В свете радужной перспективы вечной жизни изобретательный мозг Козельского заработал на всю мощь. Священник перевоплотился в нотариуса, открыл контору в одном из двух недавно отстроенных торговых домов на Чернавинском проспекте, и занялся подделкой завещаний. Божена не вникала в фокусы, которые клерк вытворял с документами клиентов, она сосредоточилась на привлечении новых помощников, и вскоре у нее появились свои люди почти во всех торговых точках, расположенных в том же здании, где и нотариальная контора Козельского.
Они тогда на славу потрудились в том городке, пока в их ряды не затесался предатель и чуть не сгубил всех. Божене пришлось бежать и вновь пересекать одну границу за другой, благо средства позволяли. Преданный Козельский не раздумывая последовал за ней. Остальные отказались, и пришлось распрощаться с ними: Божена не могла позволить им, посвященным в ее тайны, продолжать жить дальше. Нотариус все быстро уладил, ему было не привыкать. С тех пор он сопровождал ее всюду, и она доверяла ему больше, чем кому бы то ни было.
Спустя сто лет Божена вновь вернулась в город, в котором все началось, и верный Козельский вместе с ней. Все эти годы он служил ей верой и правдой, удивляя собачьей преданностью.

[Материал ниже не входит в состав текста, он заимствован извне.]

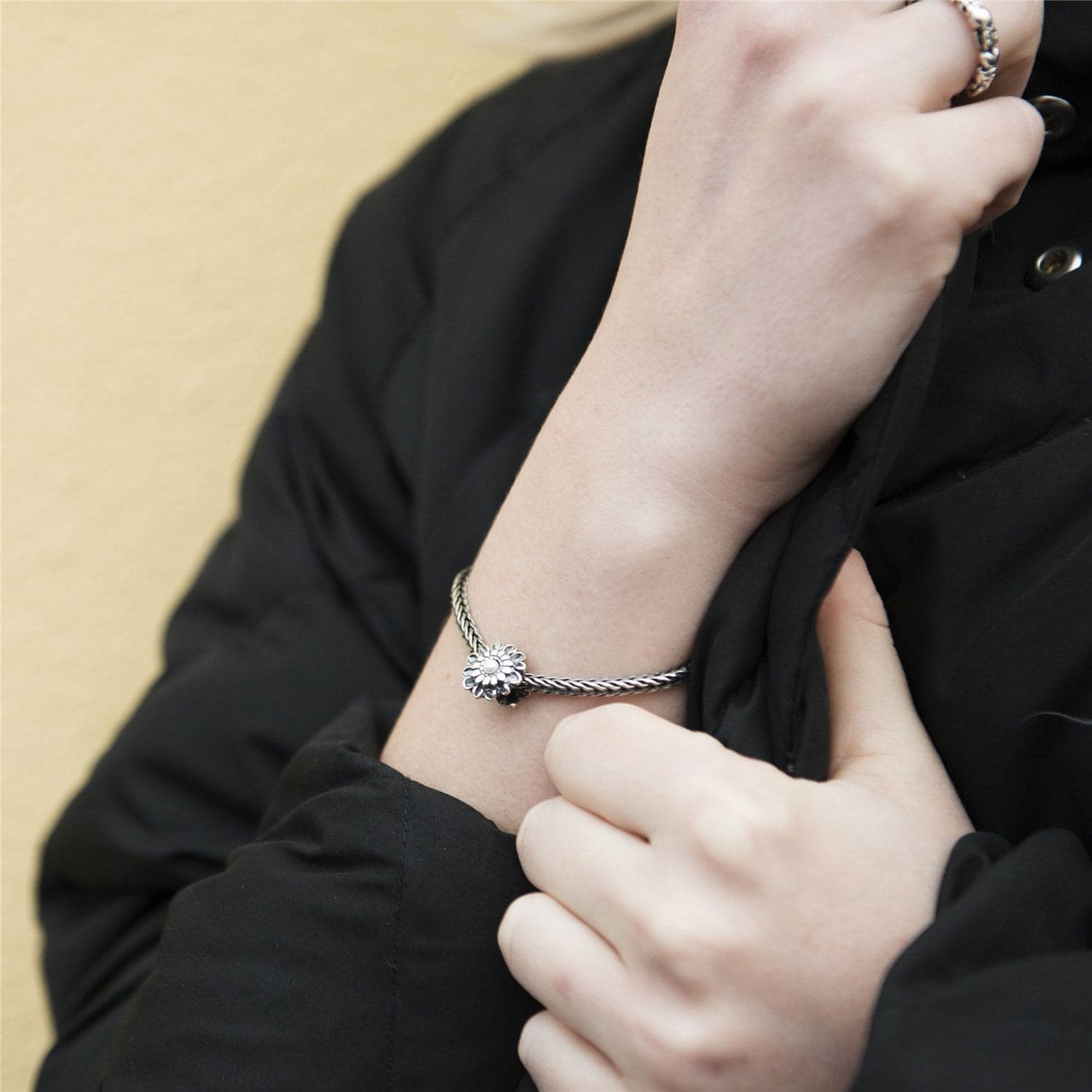 Chrysanthemum of November Bracelet - 8.7 2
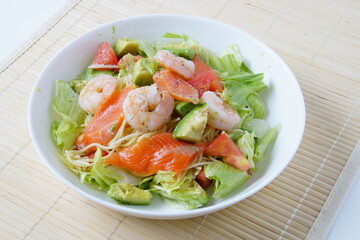 海鮮パスタサラダ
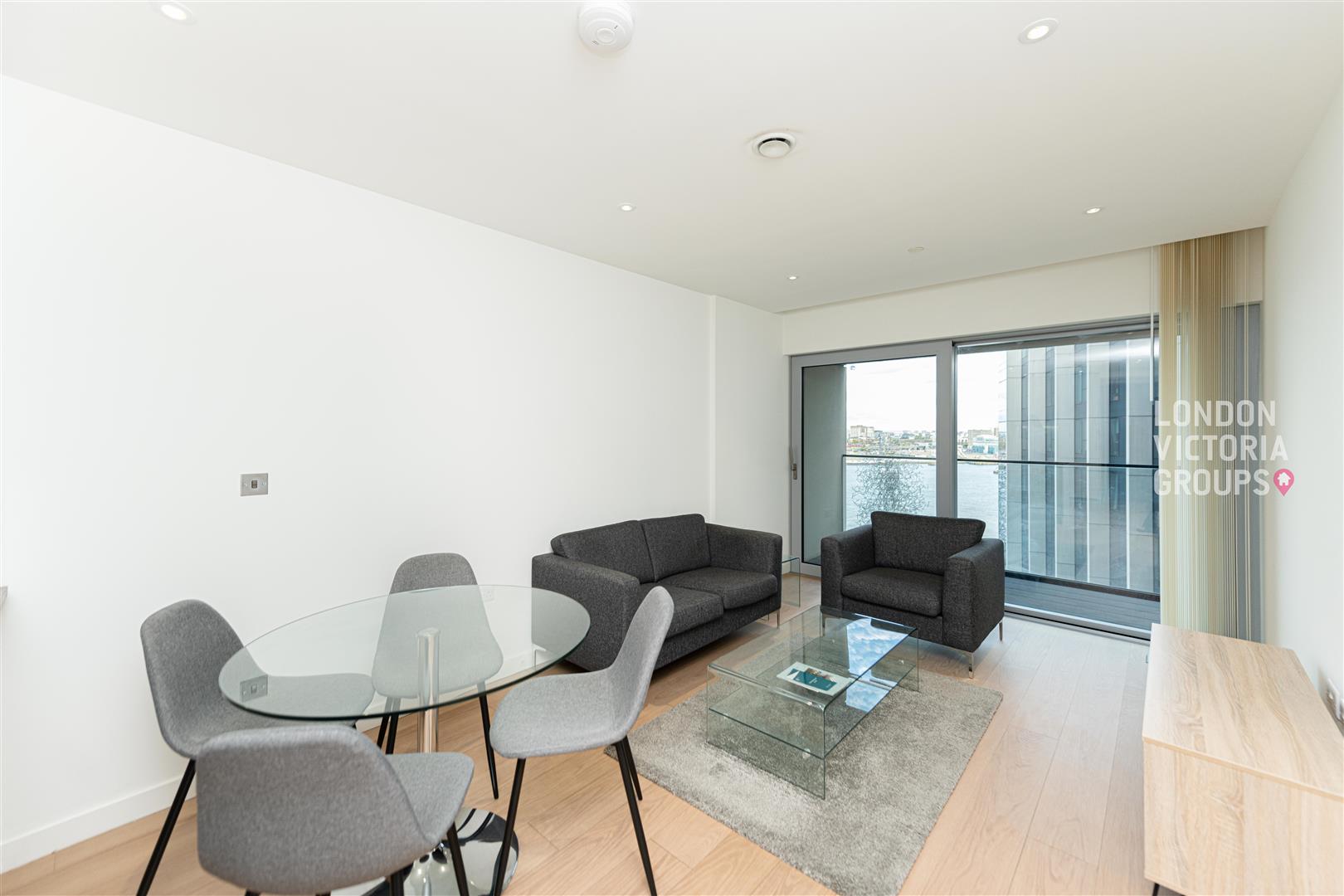 1 bed property in 10 Cutter Lane, London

Вот и теперь нотариус стоял у порога, не смея шелохнуться и потревожить ее думы. Интересно, как долго они длились?
Вынырнув из воспоминаний о прошлом, Божена пришла в ужас: истекло два часа с тех пор, как Козельский принес чемодан-портал, а она совершенно забыла о Марке!
Взметнувшись с дивана подобно потревоженной птице, Божена бросилась к чемодану, откинула крышку, и тотчас оттуда на нее хлынуло зеленое сияние.
15. «За одного битого двух небитых дают»
Гена никогда не отличался ловкостью, а угловатостью и медлительностью мог посоперничать с богомолом. Суставы у него скрипели, как надломленные сучки, но не от возраста (ему не было еще и двадцати), а от частых вывихов в детстве, когда он пытался подражать своим более ловким сверстникам, гонявшим по самым труднодоступным местам города на роликах и скейтбордах.
«Гена – вывихни колено», – так его друзья и прозвали. Он не обижался и никогда не жаловался на судьбу, даже научился сам себе вправлять вывихи и привык к мелким травмам, поэтому многократное падение с крыши ведьминского дома не могло заставить его отступить от намеченной цели.